*WORK TO COMPLETE*.
Line by line, copy out the entries exactly and leave the pictures behind.
§
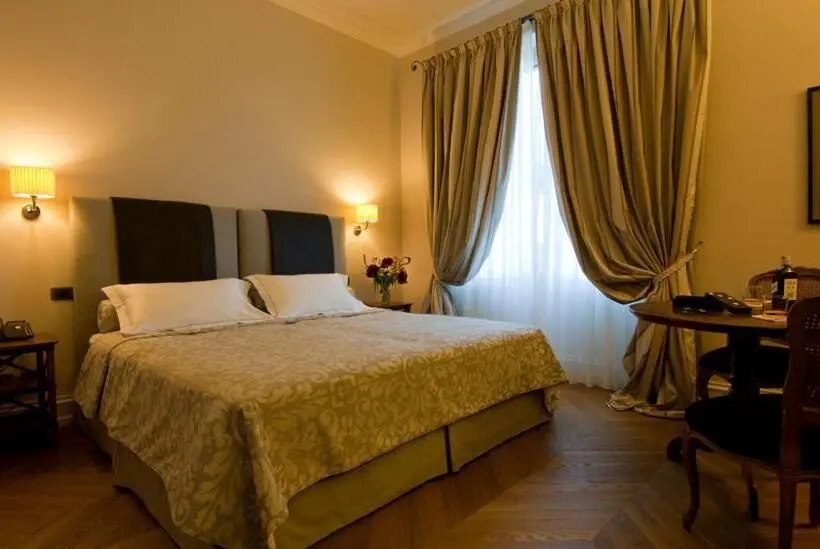 デラックスルーム, Villa Necchi Alla Portalupa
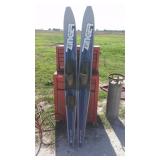 Water Skis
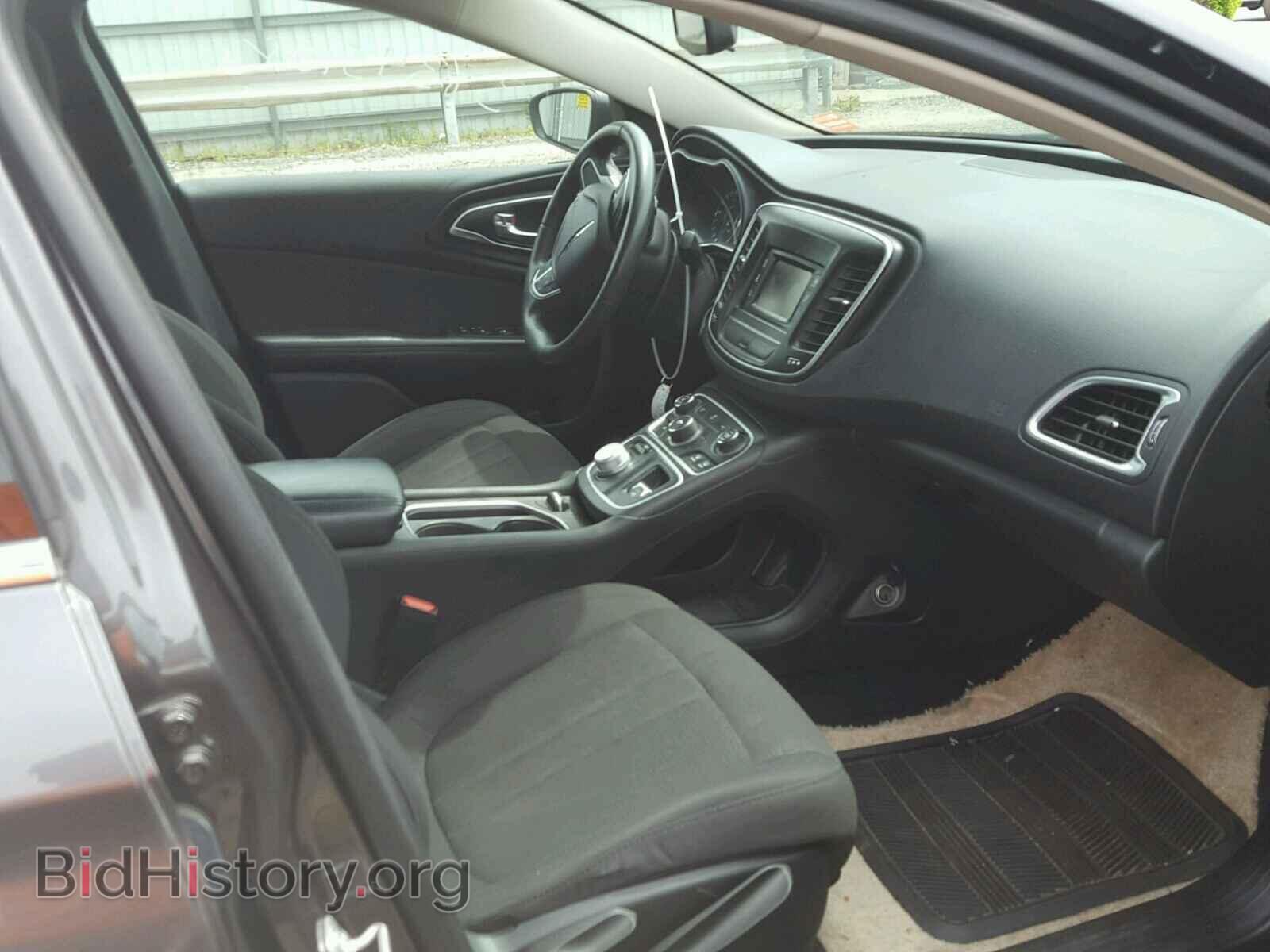 2015 CHRYSLER 200 - VIN: 1C3CCCAB0FN591565 - Photo 5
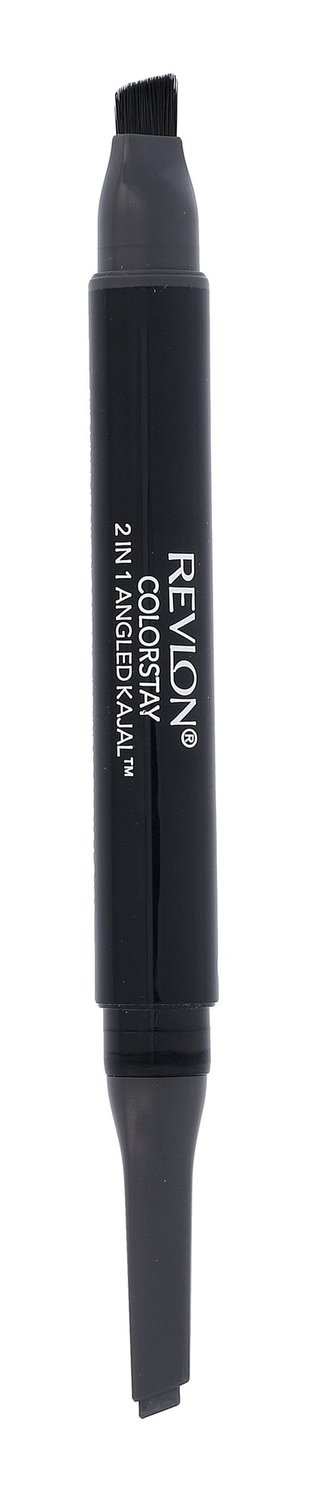 Revlon Colorstay Tužka na oči 2 In 1 Angled Kajal 0,28 g 104 Graphite pro ženy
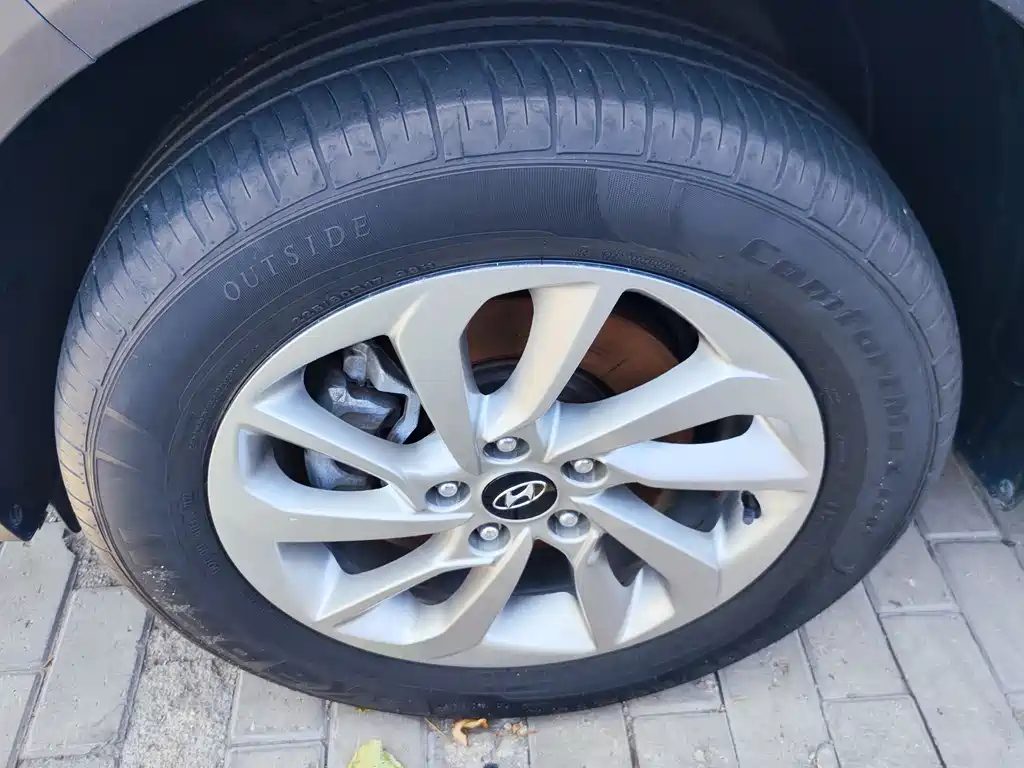 Hyundai Tucson 2016 — фото 4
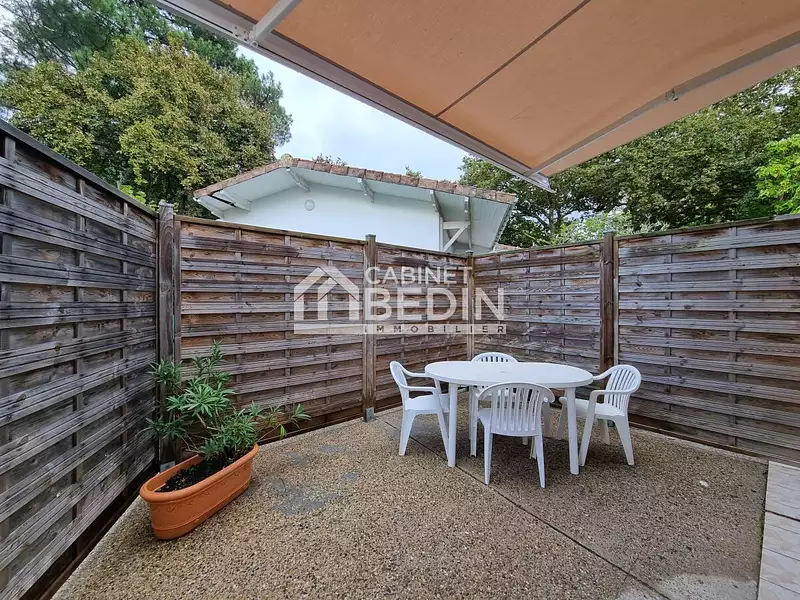 Appartement, 31,41 m²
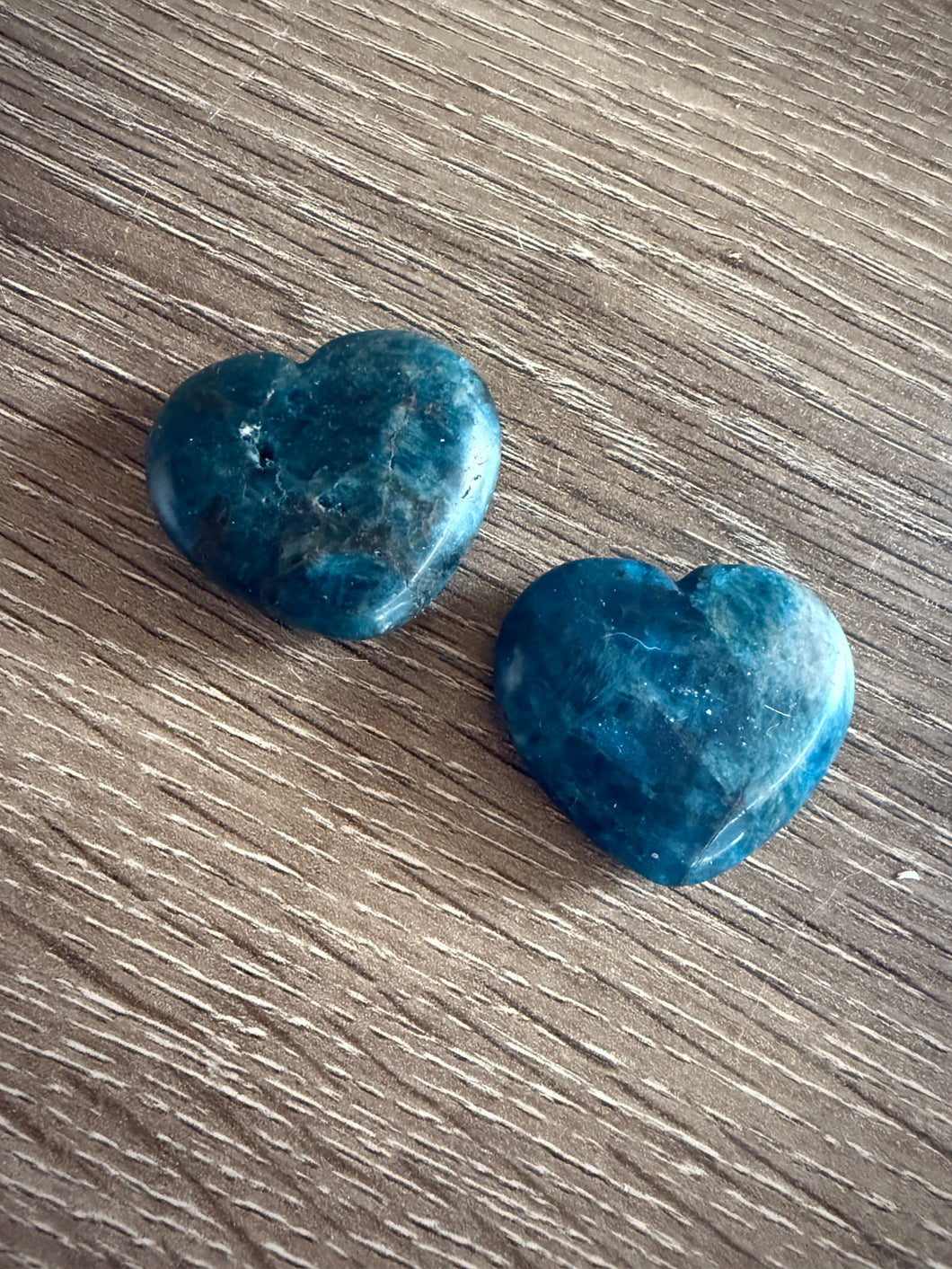 Apatite heart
§
*TASK SOLUTION*.
 デラックスルーム, Villa Necchi Alla Portalupa
 Water Skis
 2015 CHRYSLER 200 - VIN: 1C3CCCAB0FN591565 - Photo 5
 Revlon Colorstay Tužka na oči 2 In 1 Angled Kajal 0,28 g 104 Graphite pro ženy
 Hyundai Tucson 2016 — фото 4
 Appartement, 31,41 m²
 Apatite heart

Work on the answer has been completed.